Estamos de acuerdo en que, por parte de la fuerza pública y de los manifestantes, la situación se salió de control y es deber del Estado investigar el accionar del ejército y de la Policía Nacional en las manifestaciones y evitar sanciones internacionales. No olvidemos las dos muertes que presuntamente fueron ocasionadas por el ejército ecuatoriano, que se encuentran en investigación por parte de la fiscalía, y es preciso determinar con los responsables de estas muertes.

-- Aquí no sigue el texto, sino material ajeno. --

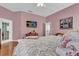 Bedroom boasts a ceiling fan, television, and direct access to outdoor space at 24515 Bocage Way, Leesburg, FL 34748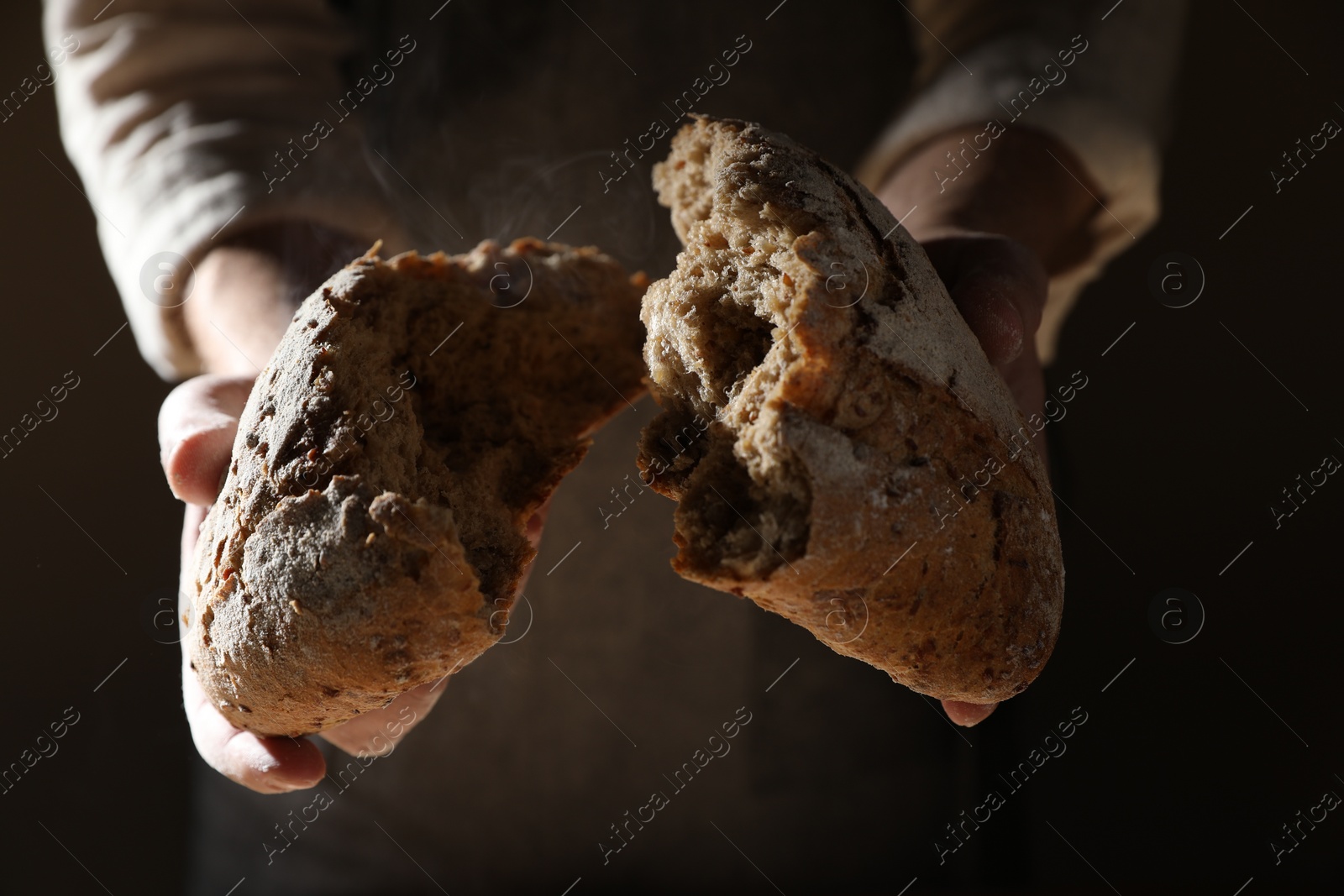 Photo of Man breaking loaf of fresh bread on dark background, closeup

Se debe investigar quiénes lideraron estas manifestaciones violentas y cómo se financiaron, ya que fueron un aproximado de 31 días de protestas. Los movimientos indígenas actualmente están desarrollando un papel diferente al político; únicamente velan por sus intereses personales utilizando a su gente como escudo.
El presidente de la CONAIE, Marlon Vargas, anunció a través de las redes sociales el cese del paro bajo cuatro pedidos, como son: Desmilitarizar los territorios; liberación de detenidos; atención a las víctimas y no criminalización de dirigentes. En mi opinión personal, las peticiones de la CONAIE son inaceptables cada una de ellas, ya que no está en manos del presidente de la república resolver las peticiones; tiene que intervenir directamente la justicia.
El Estado, de igual forma, está en la obligación de ayudar a las personas que sufrieron pérdidas económicas en los diferentes sectores de producción a nivel nacional a causa de las manifestaciones.